## What is being asked
Find all lines in the listing that include the word "Patio", then copy them.

## Data
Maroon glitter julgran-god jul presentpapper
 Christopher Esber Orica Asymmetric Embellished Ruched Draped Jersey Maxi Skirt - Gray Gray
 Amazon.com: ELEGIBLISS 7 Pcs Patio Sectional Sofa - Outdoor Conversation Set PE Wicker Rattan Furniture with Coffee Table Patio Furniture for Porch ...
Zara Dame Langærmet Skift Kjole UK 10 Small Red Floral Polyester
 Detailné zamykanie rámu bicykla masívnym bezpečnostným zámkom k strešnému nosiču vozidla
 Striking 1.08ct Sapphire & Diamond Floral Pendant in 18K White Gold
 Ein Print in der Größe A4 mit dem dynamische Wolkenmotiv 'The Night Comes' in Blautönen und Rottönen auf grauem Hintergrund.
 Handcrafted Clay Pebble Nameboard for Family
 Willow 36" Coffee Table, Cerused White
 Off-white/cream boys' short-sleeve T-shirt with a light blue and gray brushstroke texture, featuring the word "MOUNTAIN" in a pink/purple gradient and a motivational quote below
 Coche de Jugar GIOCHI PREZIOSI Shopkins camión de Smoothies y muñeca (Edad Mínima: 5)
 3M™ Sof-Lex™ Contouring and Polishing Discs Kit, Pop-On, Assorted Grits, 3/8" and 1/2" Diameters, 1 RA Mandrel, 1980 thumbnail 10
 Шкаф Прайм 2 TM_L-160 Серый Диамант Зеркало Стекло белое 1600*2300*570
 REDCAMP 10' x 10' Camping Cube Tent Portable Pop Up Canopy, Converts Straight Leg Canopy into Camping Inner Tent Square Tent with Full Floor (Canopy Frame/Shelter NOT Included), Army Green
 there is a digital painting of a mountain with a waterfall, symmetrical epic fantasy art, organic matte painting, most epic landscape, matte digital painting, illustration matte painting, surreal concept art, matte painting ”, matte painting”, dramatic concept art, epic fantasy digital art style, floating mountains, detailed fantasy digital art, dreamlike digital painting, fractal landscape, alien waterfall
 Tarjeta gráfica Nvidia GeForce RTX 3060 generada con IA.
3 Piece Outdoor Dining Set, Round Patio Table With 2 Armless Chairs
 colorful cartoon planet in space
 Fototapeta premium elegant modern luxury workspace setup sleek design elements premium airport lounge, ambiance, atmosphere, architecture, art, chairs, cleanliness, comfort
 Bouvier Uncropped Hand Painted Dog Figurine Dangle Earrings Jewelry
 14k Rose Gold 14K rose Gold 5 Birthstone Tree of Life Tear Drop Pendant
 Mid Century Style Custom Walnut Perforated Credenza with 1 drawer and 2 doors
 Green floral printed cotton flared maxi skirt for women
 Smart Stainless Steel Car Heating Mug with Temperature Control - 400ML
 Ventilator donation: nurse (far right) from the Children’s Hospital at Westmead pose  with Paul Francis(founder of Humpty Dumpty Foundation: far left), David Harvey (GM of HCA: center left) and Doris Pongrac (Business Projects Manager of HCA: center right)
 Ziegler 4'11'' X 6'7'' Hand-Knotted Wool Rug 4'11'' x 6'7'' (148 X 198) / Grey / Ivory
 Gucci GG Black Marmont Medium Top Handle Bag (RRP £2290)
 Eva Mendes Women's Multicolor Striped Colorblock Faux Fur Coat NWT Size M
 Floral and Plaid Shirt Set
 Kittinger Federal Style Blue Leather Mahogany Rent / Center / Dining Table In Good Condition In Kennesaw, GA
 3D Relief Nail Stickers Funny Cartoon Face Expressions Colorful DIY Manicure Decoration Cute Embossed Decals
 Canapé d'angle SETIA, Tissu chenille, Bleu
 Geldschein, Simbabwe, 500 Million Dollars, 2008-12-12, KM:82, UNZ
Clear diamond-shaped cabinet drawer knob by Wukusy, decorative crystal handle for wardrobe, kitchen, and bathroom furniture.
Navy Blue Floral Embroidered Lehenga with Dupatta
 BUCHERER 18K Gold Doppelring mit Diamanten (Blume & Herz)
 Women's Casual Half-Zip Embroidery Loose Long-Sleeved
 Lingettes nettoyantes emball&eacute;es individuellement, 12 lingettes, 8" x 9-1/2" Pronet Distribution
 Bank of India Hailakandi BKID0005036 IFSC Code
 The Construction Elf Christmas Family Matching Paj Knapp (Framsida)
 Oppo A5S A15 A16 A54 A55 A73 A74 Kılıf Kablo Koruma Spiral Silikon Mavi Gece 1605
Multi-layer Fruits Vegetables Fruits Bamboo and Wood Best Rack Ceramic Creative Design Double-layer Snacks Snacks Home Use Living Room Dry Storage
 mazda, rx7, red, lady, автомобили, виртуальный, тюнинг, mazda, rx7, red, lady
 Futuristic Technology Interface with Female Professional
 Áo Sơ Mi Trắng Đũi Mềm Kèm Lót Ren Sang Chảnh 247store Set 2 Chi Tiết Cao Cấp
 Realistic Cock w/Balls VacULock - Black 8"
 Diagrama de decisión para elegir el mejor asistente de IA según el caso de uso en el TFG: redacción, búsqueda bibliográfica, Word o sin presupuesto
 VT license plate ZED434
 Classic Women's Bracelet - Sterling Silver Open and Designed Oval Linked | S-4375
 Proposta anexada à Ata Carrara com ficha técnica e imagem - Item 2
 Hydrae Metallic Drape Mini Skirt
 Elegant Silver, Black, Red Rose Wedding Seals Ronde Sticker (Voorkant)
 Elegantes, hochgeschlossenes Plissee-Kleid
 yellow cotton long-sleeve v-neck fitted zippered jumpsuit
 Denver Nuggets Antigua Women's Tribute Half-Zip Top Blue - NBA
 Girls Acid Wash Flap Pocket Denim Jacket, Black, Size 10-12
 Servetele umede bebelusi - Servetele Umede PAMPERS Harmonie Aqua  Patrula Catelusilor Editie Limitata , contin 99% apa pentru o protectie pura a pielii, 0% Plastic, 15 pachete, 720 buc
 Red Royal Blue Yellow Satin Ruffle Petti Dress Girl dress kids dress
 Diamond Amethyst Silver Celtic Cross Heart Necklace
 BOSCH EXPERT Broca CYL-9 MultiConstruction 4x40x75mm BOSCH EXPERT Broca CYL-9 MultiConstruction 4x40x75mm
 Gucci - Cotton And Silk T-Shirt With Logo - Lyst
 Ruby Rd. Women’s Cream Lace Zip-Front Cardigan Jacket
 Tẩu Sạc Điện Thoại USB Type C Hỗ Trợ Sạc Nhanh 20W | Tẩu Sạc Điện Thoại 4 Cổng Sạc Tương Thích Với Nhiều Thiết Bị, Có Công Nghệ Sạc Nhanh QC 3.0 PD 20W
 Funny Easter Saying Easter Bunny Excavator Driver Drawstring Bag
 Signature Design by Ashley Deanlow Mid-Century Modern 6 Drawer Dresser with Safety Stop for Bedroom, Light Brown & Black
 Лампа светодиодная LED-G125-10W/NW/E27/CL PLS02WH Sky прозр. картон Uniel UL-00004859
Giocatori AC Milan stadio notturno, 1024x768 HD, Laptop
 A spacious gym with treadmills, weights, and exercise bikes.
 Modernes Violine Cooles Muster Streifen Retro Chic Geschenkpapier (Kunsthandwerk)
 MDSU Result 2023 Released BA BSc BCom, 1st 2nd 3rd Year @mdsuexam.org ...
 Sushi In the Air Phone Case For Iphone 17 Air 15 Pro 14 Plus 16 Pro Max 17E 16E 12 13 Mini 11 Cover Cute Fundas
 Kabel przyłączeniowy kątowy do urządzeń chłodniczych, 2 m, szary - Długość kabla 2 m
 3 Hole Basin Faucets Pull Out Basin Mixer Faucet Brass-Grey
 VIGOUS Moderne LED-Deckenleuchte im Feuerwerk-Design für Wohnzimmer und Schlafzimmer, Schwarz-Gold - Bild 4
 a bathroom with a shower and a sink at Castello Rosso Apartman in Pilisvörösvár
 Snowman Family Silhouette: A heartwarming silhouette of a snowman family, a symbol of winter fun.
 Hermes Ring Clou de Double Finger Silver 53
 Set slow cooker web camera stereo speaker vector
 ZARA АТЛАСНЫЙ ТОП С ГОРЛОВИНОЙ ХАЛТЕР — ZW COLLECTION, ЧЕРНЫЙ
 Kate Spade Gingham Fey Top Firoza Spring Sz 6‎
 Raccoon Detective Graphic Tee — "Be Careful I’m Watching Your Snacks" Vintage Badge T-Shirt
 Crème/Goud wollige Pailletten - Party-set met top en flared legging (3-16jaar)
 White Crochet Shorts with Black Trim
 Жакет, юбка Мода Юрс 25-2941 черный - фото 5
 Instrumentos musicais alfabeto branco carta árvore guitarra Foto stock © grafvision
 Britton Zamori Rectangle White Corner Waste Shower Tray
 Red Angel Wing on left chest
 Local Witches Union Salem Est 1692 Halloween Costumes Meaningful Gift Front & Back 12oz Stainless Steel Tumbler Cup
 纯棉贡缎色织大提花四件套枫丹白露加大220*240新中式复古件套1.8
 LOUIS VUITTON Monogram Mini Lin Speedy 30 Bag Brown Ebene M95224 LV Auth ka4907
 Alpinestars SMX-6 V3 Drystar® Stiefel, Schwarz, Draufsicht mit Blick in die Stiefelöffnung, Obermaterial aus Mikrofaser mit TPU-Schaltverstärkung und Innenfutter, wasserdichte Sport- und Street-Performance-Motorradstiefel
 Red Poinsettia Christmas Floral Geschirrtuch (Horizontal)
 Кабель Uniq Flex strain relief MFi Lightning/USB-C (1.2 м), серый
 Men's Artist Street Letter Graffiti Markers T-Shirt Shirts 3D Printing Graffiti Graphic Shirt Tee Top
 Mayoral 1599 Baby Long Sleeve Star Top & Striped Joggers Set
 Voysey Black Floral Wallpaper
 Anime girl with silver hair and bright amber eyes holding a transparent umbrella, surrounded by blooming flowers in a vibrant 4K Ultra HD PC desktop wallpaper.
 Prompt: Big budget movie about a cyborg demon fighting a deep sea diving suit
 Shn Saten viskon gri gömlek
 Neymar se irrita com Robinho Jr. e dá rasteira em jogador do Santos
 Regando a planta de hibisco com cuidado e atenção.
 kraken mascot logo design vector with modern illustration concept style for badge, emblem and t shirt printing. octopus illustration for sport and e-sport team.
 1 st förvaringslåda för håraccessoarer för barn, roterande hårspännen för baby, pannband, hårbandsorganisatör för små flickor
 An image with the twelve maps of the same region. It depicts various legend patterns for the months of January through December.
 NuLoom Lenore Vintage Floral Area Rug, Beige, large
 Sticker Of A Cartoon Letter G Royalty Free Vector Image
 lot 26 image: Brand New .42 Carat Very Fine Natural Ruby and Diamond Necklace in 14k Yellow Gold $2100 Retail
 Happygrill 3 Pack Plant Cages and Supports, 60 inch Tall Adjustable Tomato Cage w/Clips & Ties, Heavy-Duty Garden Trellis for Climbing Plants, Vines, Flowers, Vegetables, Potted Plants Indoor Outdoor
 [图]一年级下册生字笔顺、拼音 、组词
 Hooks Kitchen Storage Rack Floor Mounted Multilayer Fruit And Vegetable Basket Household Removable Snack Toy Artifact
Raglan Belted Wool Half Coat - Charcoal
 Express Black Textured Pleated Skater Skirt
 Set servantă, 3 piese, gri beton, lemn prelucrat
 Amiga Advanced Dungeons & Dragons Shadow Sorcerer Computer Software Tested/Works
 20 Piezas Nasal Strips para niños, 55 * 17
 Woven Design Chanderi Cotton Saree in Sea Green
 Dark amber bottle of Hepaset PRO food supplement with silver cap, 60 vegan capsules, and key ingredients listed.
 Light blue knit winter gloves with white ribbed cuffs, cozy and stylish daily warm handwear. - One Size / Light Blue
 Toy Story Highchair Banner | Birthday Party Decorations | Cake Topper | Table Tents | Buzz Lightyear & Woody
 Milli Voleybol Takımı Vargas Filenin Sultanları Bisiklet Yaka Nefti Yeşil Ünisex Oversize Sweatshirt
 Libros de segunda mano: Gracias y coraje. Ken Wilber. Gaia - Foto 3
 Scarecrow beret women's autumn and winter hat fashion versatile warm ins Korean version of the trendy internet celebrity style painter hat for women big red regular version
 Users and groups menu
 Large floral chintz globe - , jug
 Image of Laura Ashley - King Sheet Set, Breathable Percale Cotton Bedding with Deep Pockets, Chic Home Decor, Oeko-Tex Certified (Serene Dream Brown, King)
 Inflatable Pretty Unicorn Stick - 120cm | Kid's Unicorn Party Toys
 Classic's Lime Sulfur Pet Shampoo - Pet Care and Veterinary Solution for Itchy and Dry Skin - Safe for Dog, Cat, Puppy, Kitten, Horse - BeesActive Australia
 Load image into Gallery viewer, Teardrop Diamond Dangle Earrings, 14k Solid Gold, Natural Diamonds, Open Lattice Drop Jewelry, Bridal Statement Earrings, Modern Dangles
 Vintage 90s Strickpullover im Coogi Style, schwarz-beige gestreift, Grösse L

## Answer section
 Amazon.com: ELEGIBLISS 7 Pcs Patio Sectional Sofa - Outdoor Conversation Set PE Wicker Rattan Furniture with Coffee Table Patio Furniture for Porch ...
3 Piece Outdoor Dining Set, Round Patio Table With 2 Armless Chairs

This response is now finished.